At sea

bird_lives

I looked over at her. The breeze tossed her hair, a dark nest of serpents at dusk. She looked out to the darkening world beyond the lights of the vessel and I could see that she was in her forties but that time had been gentle with her. I was curious about her, as I knew she was curious about me, but with age comes a particular degree of respect and decorum, and neither of us would yet voice our curiosities.

The solitude, the mystery, she said. I can’t help but hark back to a time when the sea was all there was.

I smiled and nodded, leaning over the deck and looking down at the water again. The pitch and roar of water cascading upward towards me.

I hope I’m not disrupting your peace, she said.

No, I told her. It’s fine. It’s nice to hear a voice other than the voice in my head.

I can certainly understand that, she said, and for the first time we looked each other in the face.

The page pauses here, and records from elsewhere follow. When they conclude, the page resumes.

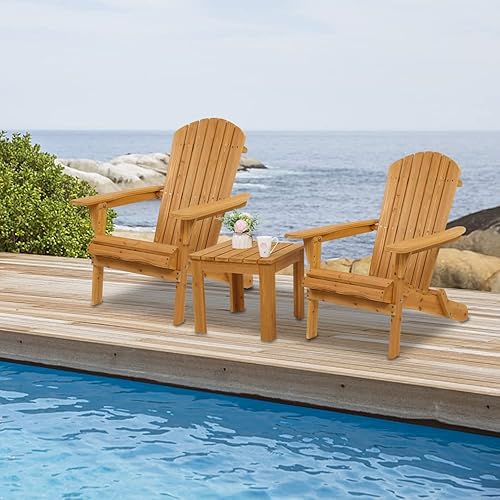 Miniatura 2 de Juego de 3 sillas Adirondack plegables cómodas con mesa auxiliar, madera de abeto, acabado natural, ahorro de espacio para patio y jardín al aire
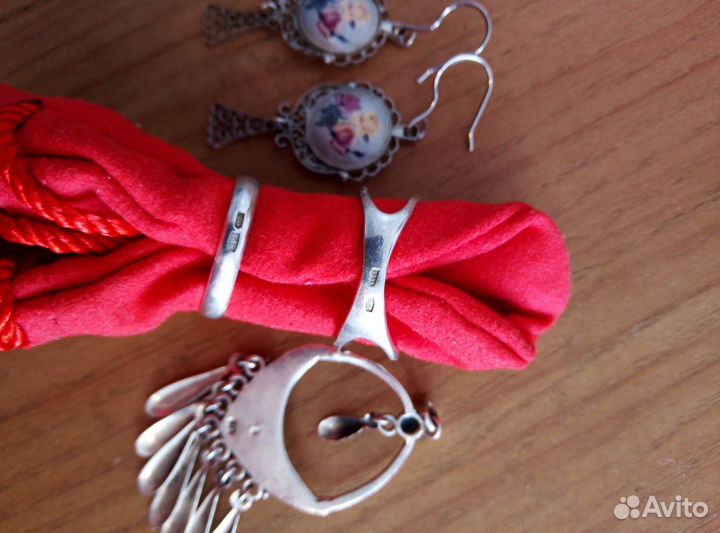 Серьги ювелирный сплав и серебро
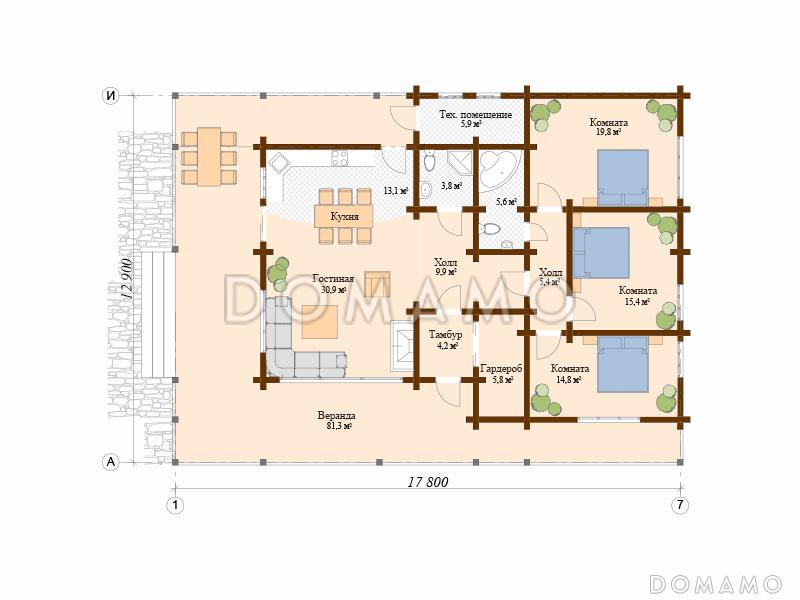 Проект одноэтажного дома из клееного бруса с огромной террасой / План 1 этажа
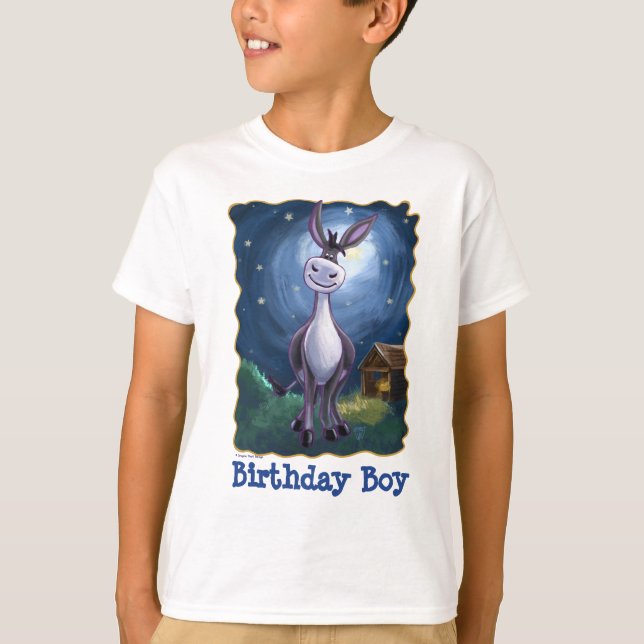 Niedliche Köpfe und Schwänze Donkey Birthday Boy T-Shirt (Vorderseite)
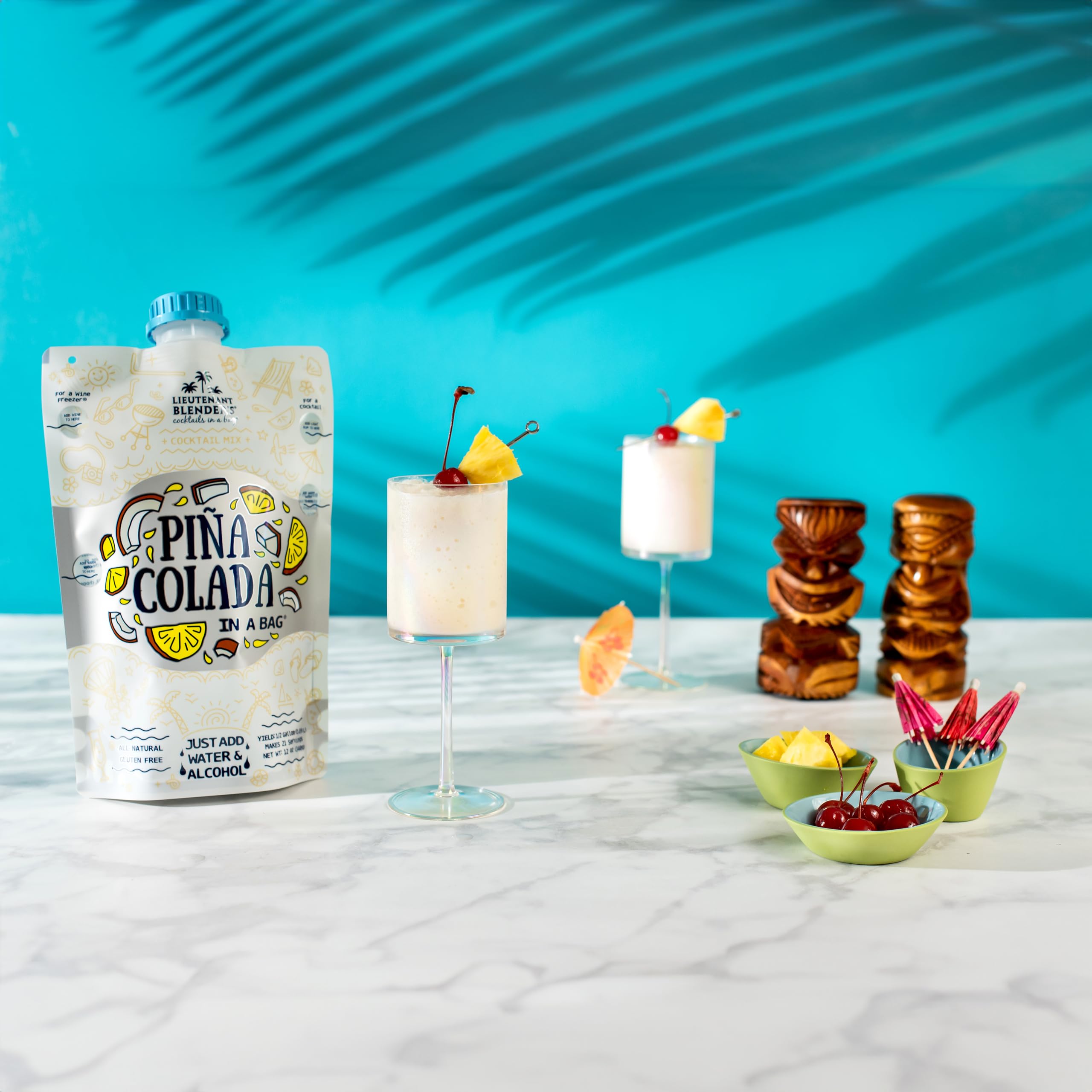 Premium Pina Colada Drink Mix in a Bag – Makes 1/2 Gallon of Slushie Cocktail – Easy Tropical Cocktail, Wine Slushie & Mocktail Mix – Perfect for Parties, BBQs & Summer Drinks (Pack of 5)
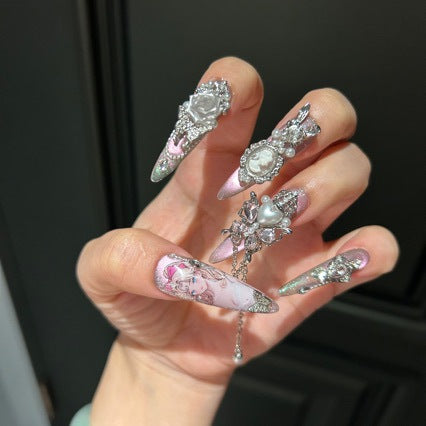 Handmade Pink Cat Eye Cameo Portrait Anime Print Long Stiletto Press On Nails with Silver Rhinestone & Pearl Charms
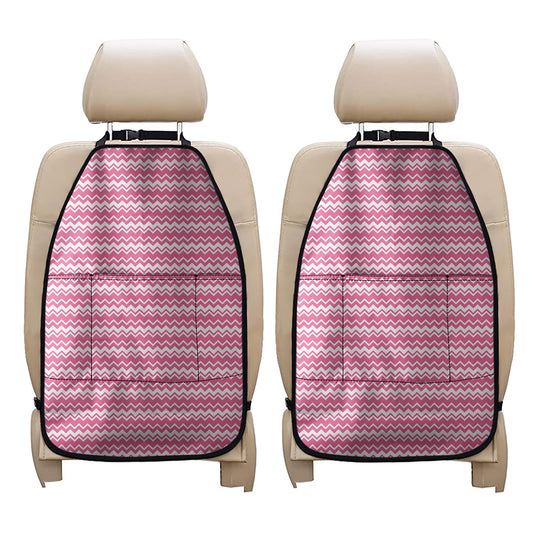 Pink And White Zigzag Pattern Print Car Seat Organizers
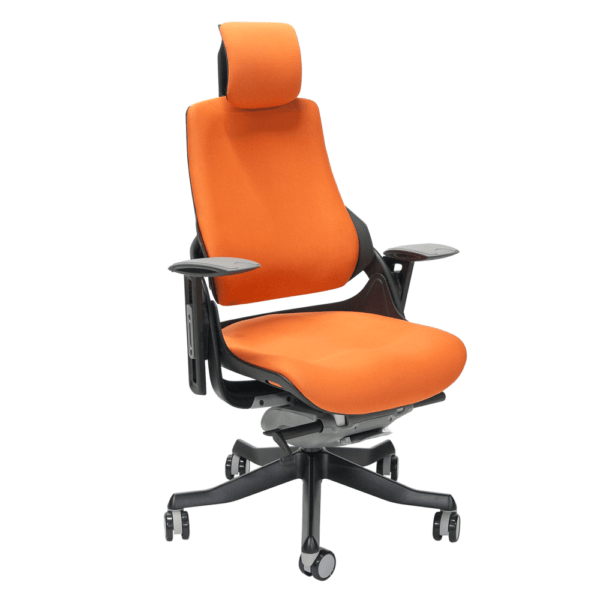Työtuoli WAU niskatuellinen, tyylikäs, kestävä, ergonominen, monipuoliset säädöt, oranssi / musta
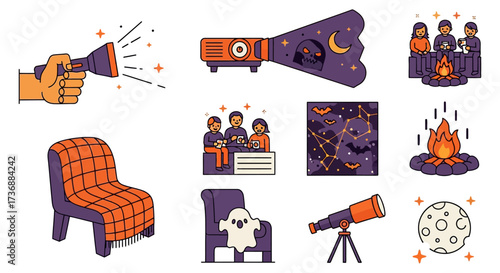 halloween movie night with friends around campfire using a projector and watching the moon with a telescope for a cozy autumn evening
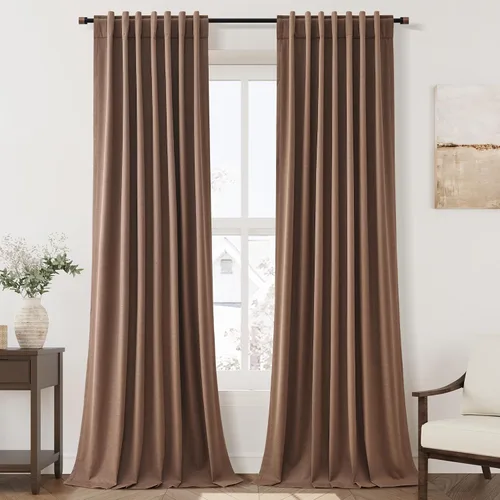 Vista 69 de Nanspring Cortinas de lino 100% opacas para dormitorio, 96 pulgadas de largo, con pestaña trasera, bolsillo para barra, aislamiento térmico, cortina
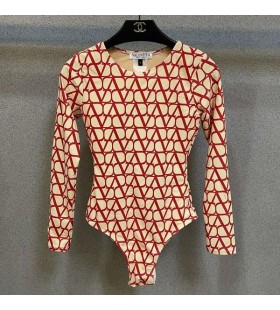 Valentino Body Kvinnor Toile Iconographe Lycra Beige/RÃ¶d
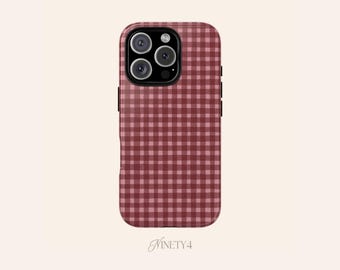 Burgundy Gingham iPhone and Samsung Phone Case: Snap, Tough or Magsafe Cover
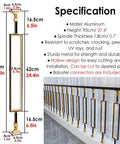 Premium Aluminum Balusters And Hollow Stair Spindles Featuring A Sleek Black And Gold Finish 37.4in height for modern railings.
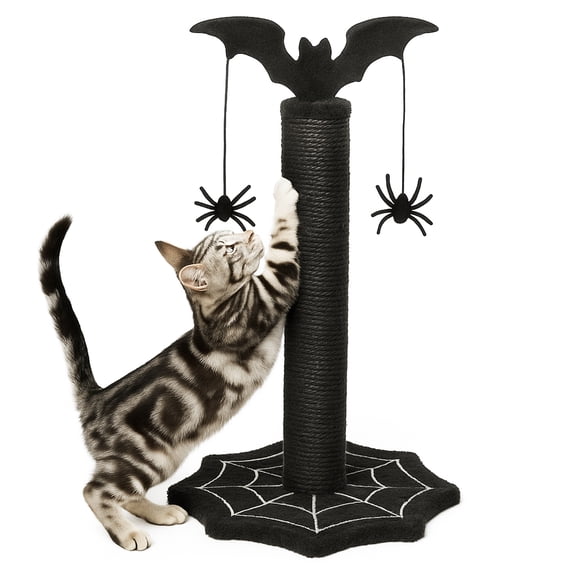 Ktaxon Bat Cat Scratching Post, 9.8"x9.8"x17.7" Black Halloween Cat Scratcher with Hanging Spiders, Pet Holiday Supplies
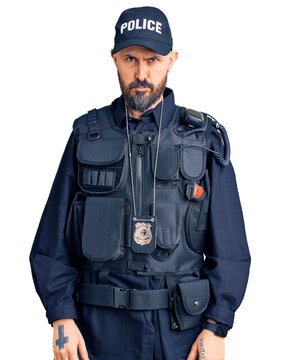 Young handsome man wearing police uniform depressed and worry for distress, crying angry and afraid. sad expression.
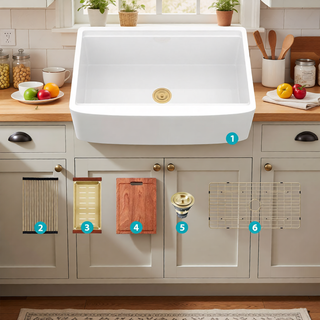 Sunvega 33 Inch White Porcelain Ceramic Farmhouse Kitchen Sink Workstation with Reversible Apron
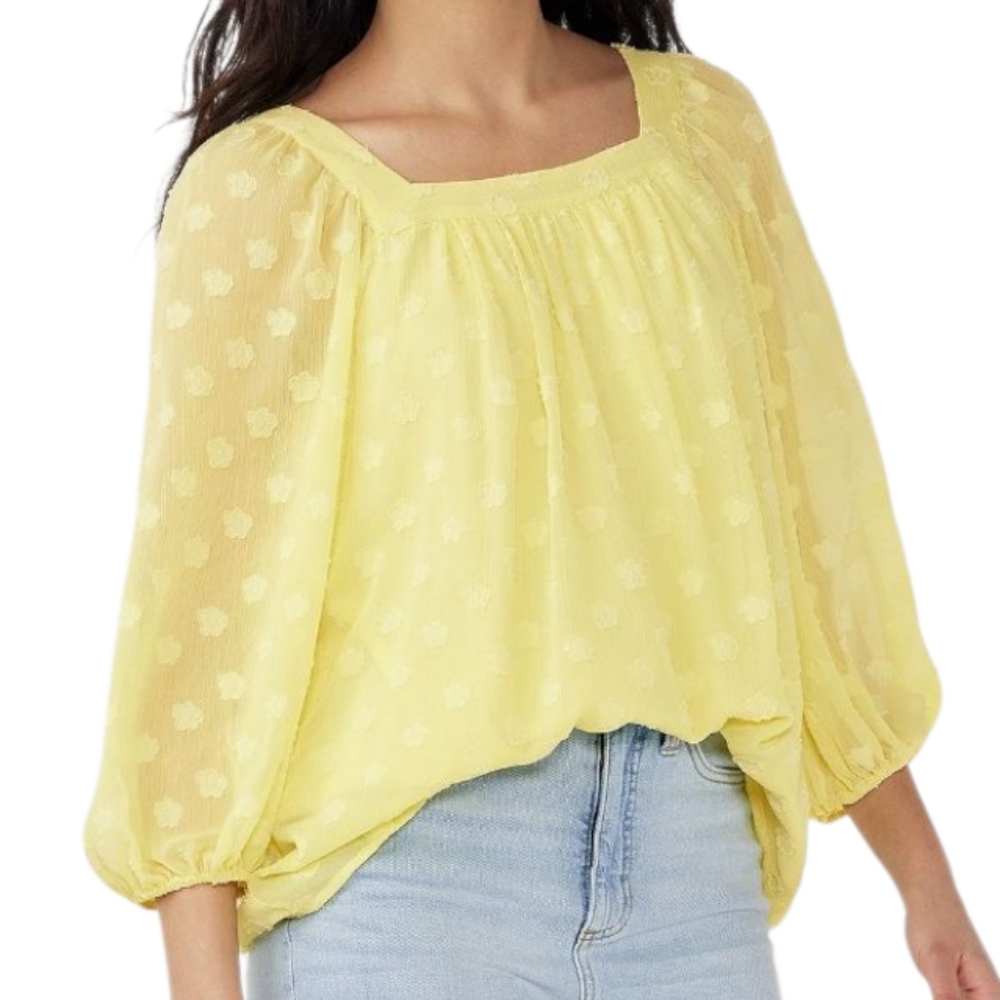 LC Lauren Conrad Yellow Sheer Overlay Women's Top size XXL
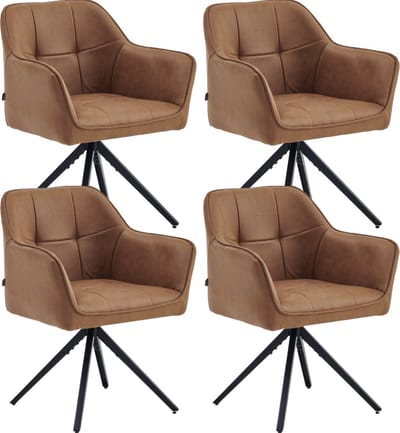 Colenis® - Pearl Eetkamerstoel - Set Van 4 - Cognac - Microfiber Stof - Microvezel - Industrieel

How long have you been aboard? she said.

I boarded this morning in Madrid.

After a lengthy pause, she said, I’ve been on this ship for three months tomorrow.

I looked at her, wondering what might have brought her out to sea for so long, what sort of personal outrage forces a woman and her family to seek refuge in the great abyss for such an extended period. Then I remembered almost immediately that the abyss calls for all of us at one point, and we all of us must answer that call.

Have you found it particularly dangerous? I asked.

Actually quite the opposite, she said. I’ve found these past few months, and especially the last few days among the most peaceful of my life.

Congratulations, then, I told her. The erstwhile world is not nearly in the same condition.

Would you be interested in a brandy? she asked me.

I’m afraid I would, I said, smiling at her.

You don’t strike me as someone who fears many things, she said.

We left the deck sinking into shadow and walked down through the narrow corridors of a labyrinth to her cabin, which was not far from my own. I sat on a stool near her cot and watched as she poured brandy from a small bottle into two plastic cups. She sat on the bedding and we touched cups and drank, feeling the gentle rock and sway of the ship in the water. The brandy was good, almost as fine as something Jorge would have kept stowed in his desk drawer, but not quite, perhaps a bit too sweet. The woman’s cabin was similar to mine and everything was tidy and well kept, much like the woman herself, who looked at me through dark pools and then down to her cup, and in the soft light of the room I could at last make out the delicate contours of her face and neck, the elegant geometry and proportionality, her eyes and hair a matching depth of black, and she said to me, or perhaps to the room in general, to herself, to no one, I’ve dreamt that the world is going to end.